Cosa hanno in comune un uomo e un pappagallo? E cosa li lega in una singolare amicizia? Per scoprirlo occorre necessariamente leggere “La seconda volta”.

Nel romanzo di Roberto Albini, strutturato su molteplici piani e livelli paralleli, sono presenti più temi: in primis, la questione dell’aldilà e, quindi il quesito esistenziale insolubile su cosa si trovi dopo la vita, in secondo luogo, il nostro sforzo quotidiano di attribuire il significato a qualcosa (spesso vano e/o vanificato all’interno della nostra esperienza) su cui nel romanzo si ironizza.
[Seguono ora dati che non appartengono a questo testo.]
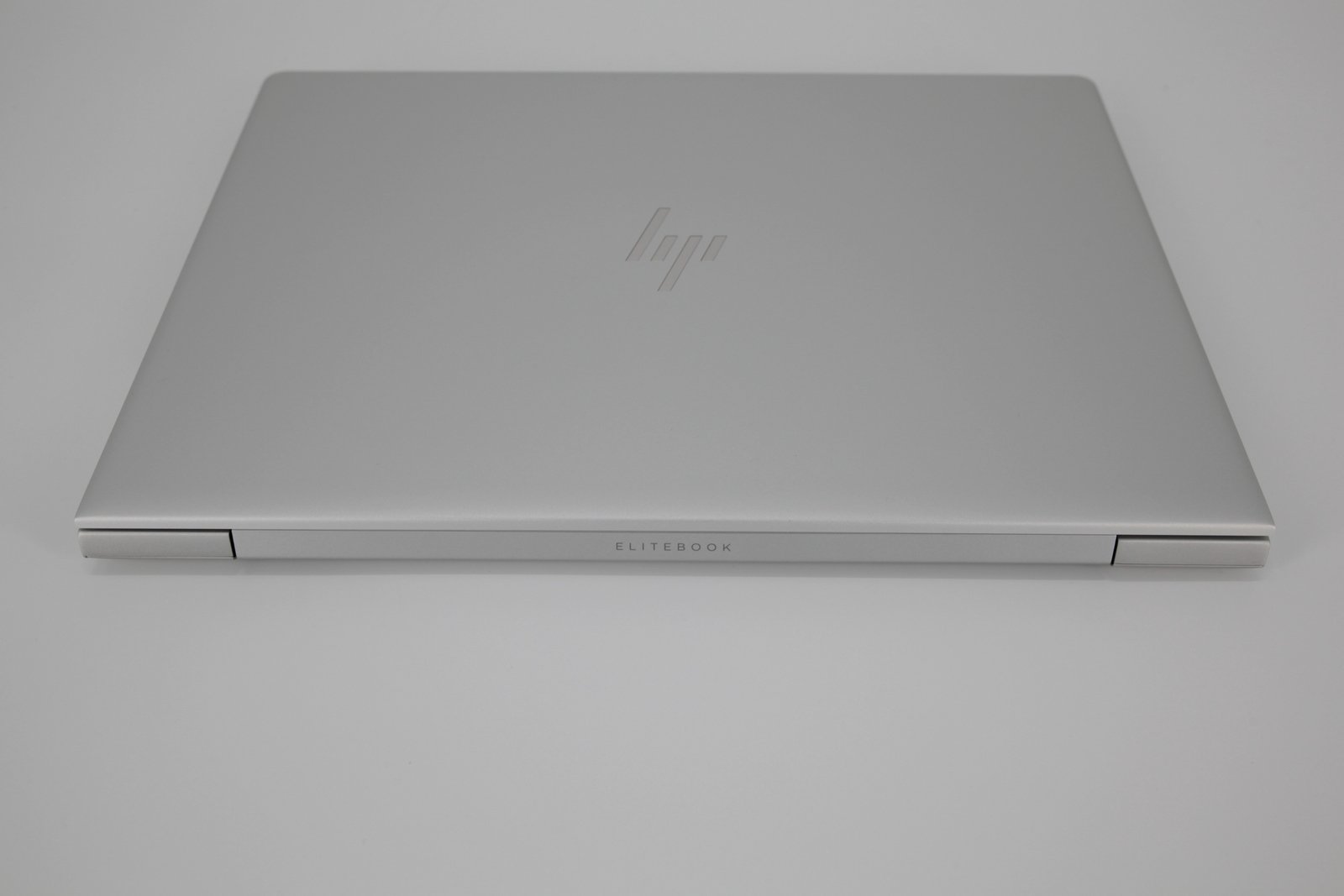 HP EliteBook 840 G5 14" Laptop: Core i7-8550U 16GB RAM, 256GB SSD Warranty - CruiseTech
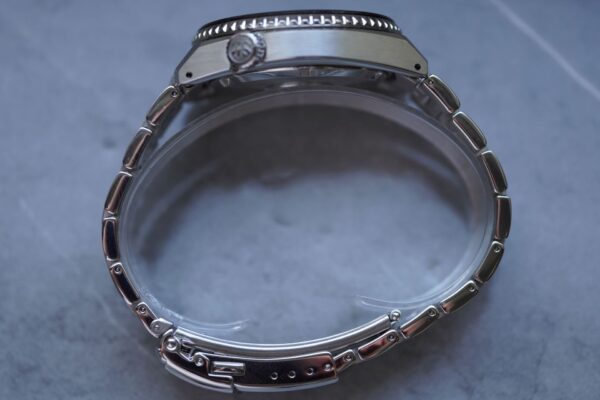 Grand Seiko Sport Collection SBGX337 – Image 3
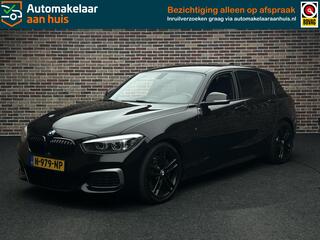 bmw-1-serie-m140i-xdrive-edition-sh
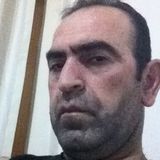 Ado from Ankara | Man | 52 years old | Leo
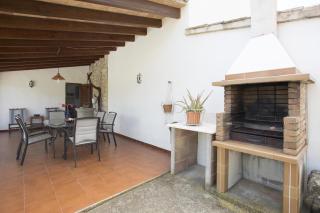 Villa Suari - Pollença - 3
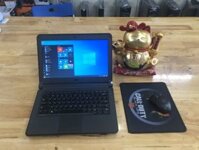 Dell Latitude 3340 i5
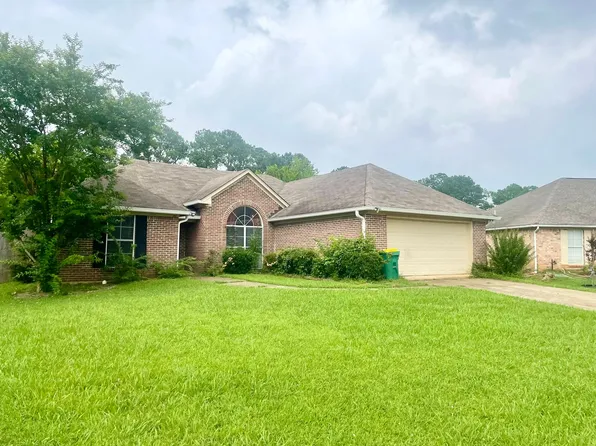 2000 Lincolnshire Blvd, Ridgeland, MS 39157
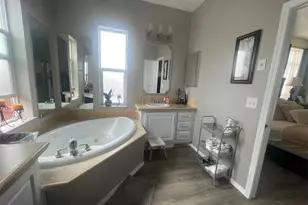 17333 Valley, Fontana, CA 92335 - Photo 21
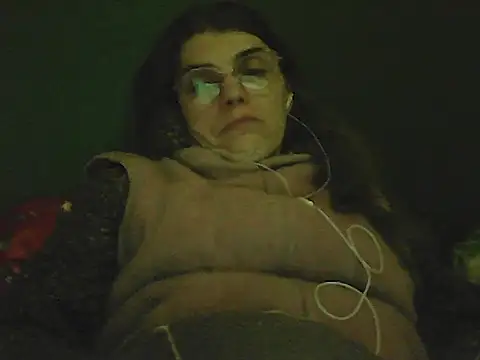 Musical  fantasy online show from 10.08.25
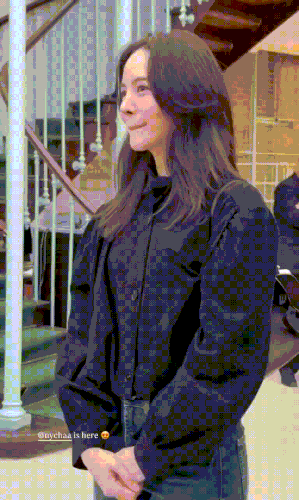 GIF.gif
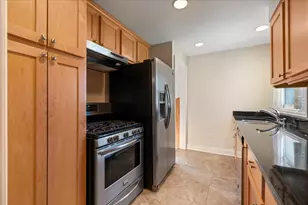 7350 W Summerdale Ave, Chicago, IL 60656 - Photo 8
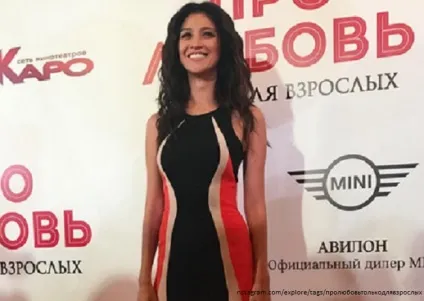 Батько пилипа Кіркорова про померлу дочку (батько) Батько пилипа Кіркорова про померлу дочку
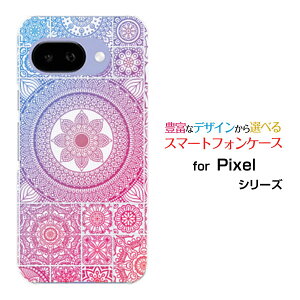 Google Pixel 9a �O�[�O�� �s�N�Z�� �i�C���G�[docomo au SoftBank Y!mobile UQ mobile�X�}�z �J�o�[ �P�[�X �n�[�h TPU �\�t�g �P�[�X�p�b�`���[�N(typeD)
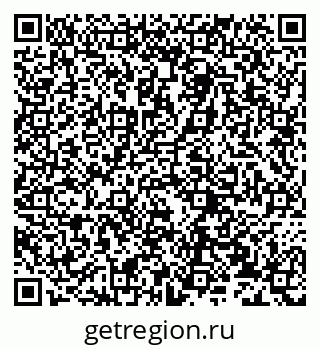79632233494
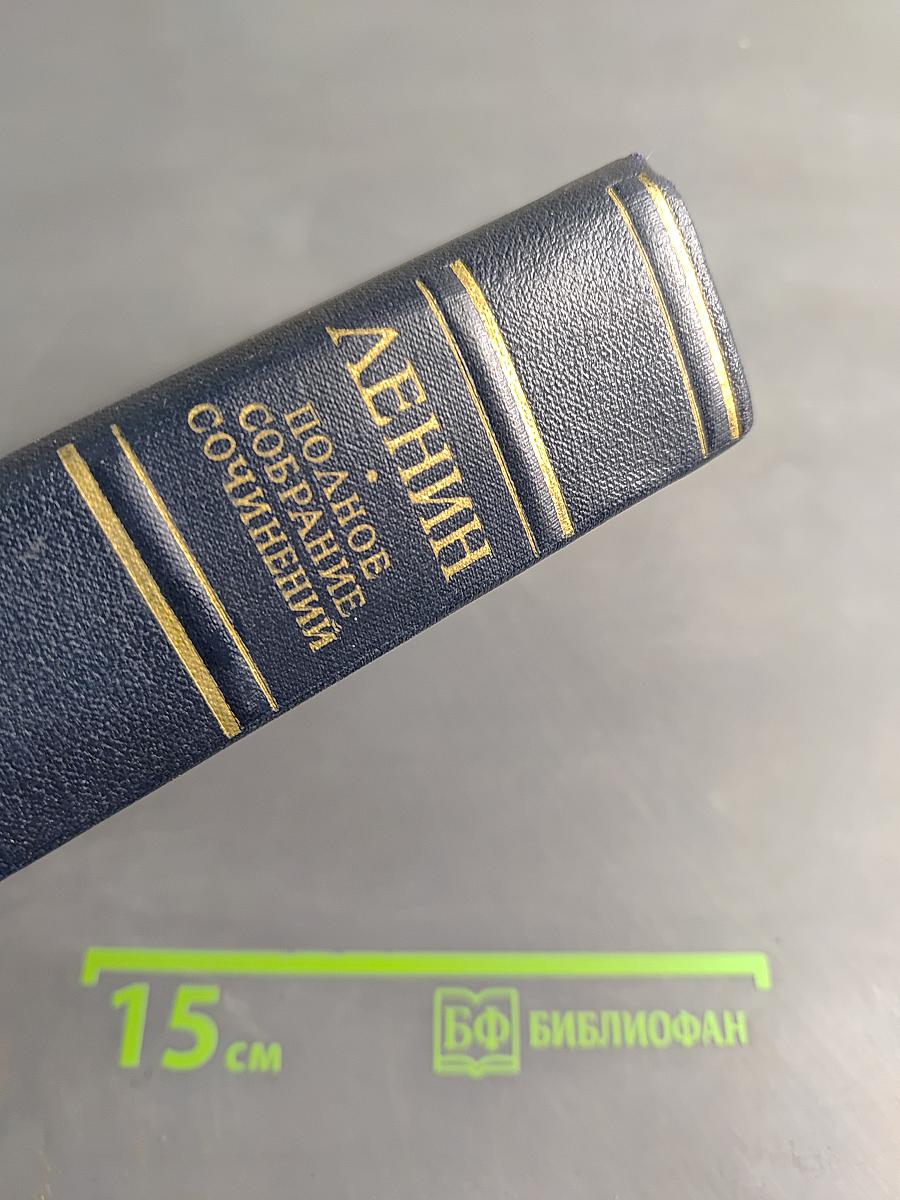 Полное собрание сочинений. Том 2. 1895-1897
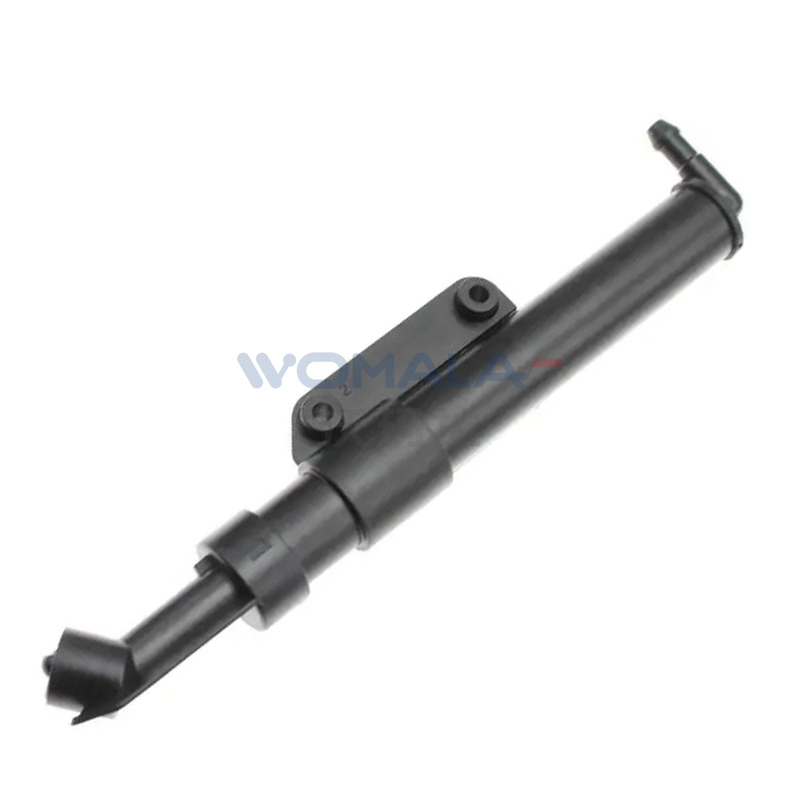 वोमोला हेडलाइट वाशर OE 31333665 वाम हेडलाइट जेट मोटर के लिए वोल्वो XC60 -17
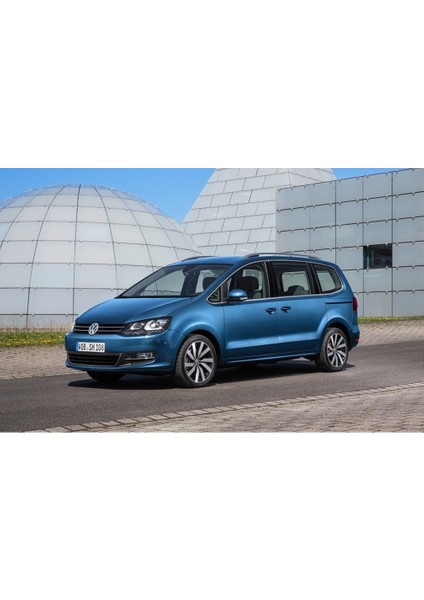 Vw Volkswagen Sharan 2011-2022 Çakmak Çakmaklık Kovanı Manşonu Kırmızı 1J0919309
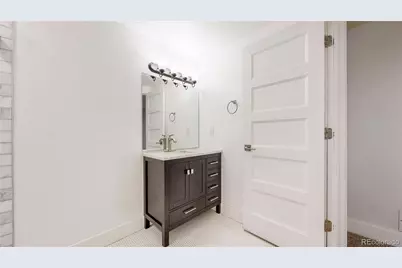 3536 Dahlia Street, Denver, CO 80207 - Photo 25
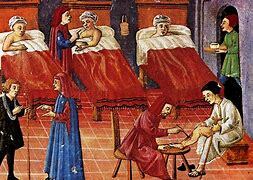 Antoniar Izurria amaiera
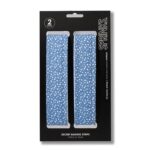 productHero-SPOTWF-BP80716271-multicoloured-3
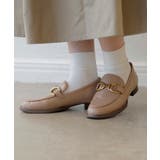 ビットローファー | VIS  | 詳細画像5 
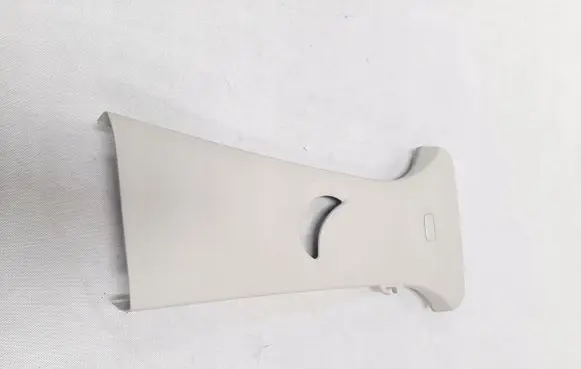 Seat Ateca (B) pillar trim (top) 575867244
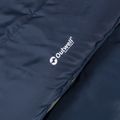 Спальний мішок Outwell Contour Lux синій 230366 4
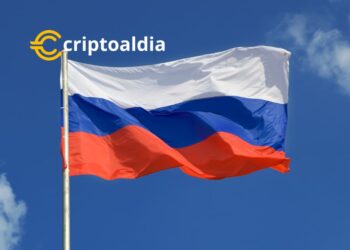 Rusia impulsa a los BRICS con un plan audaz de activos digitales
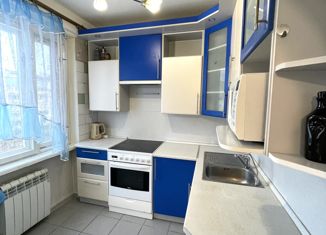 3-ком. квартира на продажу, 72.9 м2, Санкт-Петербург, Ленская улица, 16к3, Ленская улица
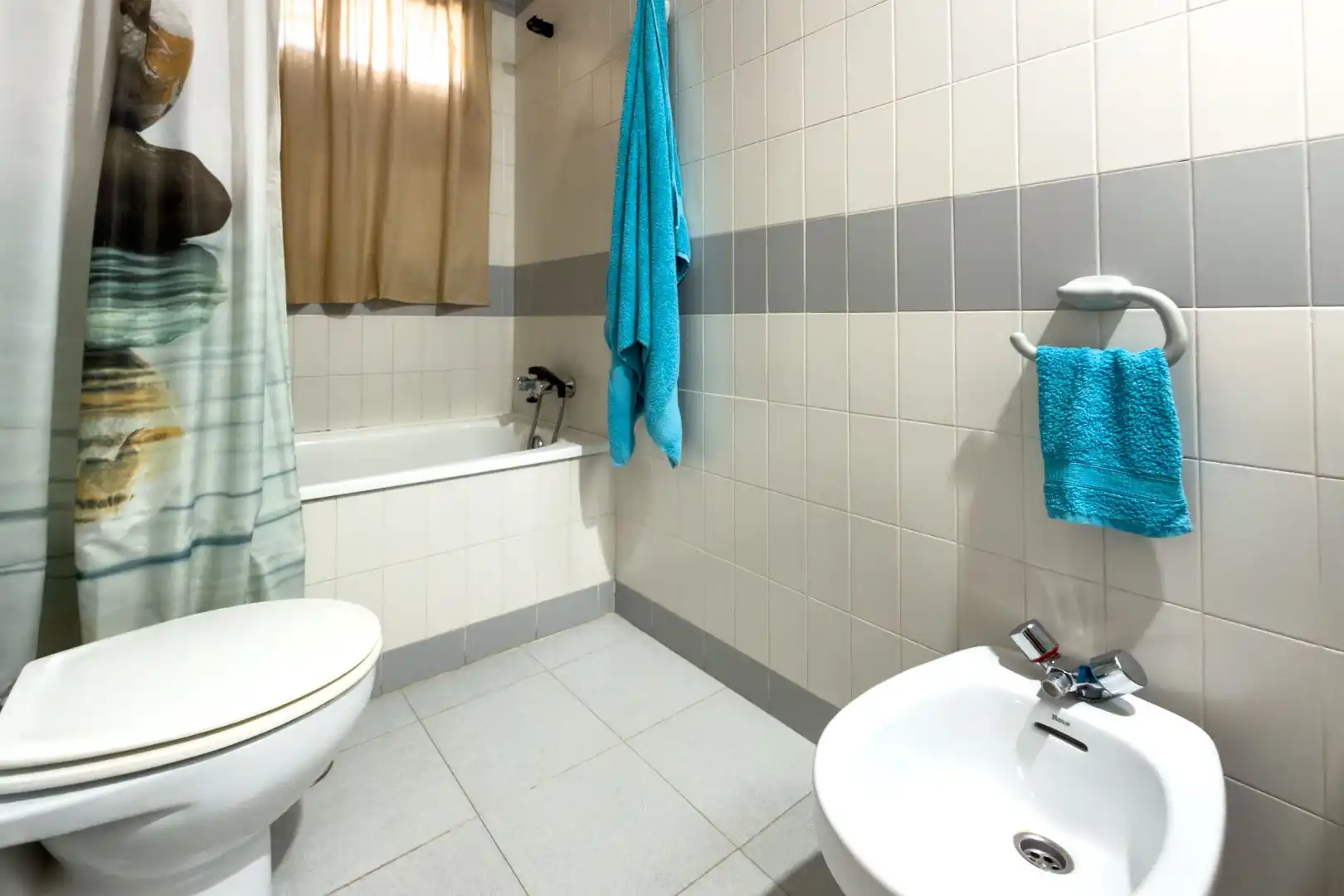 Apartment zum Verkauf in Zona Pueblo, imagen 29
Tuttavia, ne “La seconda volta” è presente anche una tematica, oserei dire, centrale, capace poi, addirittura, di trainare tutte le altre e di avvolgerle in un unico file rouge e questo ce lo comunica proprio uno dei personaggi centrali della narrazione: Silvia, una ragazza dark, determinata, colta e laboriosa, orientata politicamente a sinistra, che lavora, studia e fa volontariato, insegnando in un centro sociale ai ragazzi Rom. Ed è proprio Silvia, il personaggio chiave a cui l’autore, come si diceva poc’anzi, affida il compito di esplicitare il motivo dell’oggetto della narrazione. Lei, infatti, risponde, in modo puntuale e naturale al protagonista della storia, suo cugino fascistoide, che afferma: «In fondo si tratterebbe solo di politica», dichiarando sicura: «No, mi dispiace, è molto di più. Qui si tratta di occhi, di quanti colori riesce a percepire il tuo spettro visivo, se sei un topo che vede in bianco e nero o un uccello che vede a colori. È una concezione diversa del futuro, che ti fa agire in una direzione opposta alla mia. Cosa mai potremmo condividere io e te? Una gita a Predappio?».

Insomma, Roberto Albini riesce a sviluppare attorno alla tematica dell’appartenenza politica, sentita e vissuta in maniera viscerale, l’intera storia, trasformandola in una questione vitale per l’individuo; questione rispetto alla quale, le altre tematiche potrebbero apparire solo sfumate.

Nell’ambito della storia, con una dose abbondante di cinismo e con estrema abilità descrittiva, Albini ci accompagna prima all’“Inferno” (scelta coraggiosa e a tratti irriverente verso i racconti della nostra tradizione oltre che sovente umoristica), poi nella Roma dei ruggenti anni ’80; per arrivare, in conclusione, ai nostri giorni, avendo la capacità di passare tra registri profondamenti diversi, che, in ogni caso mettono in risalto il suo solido background culturale.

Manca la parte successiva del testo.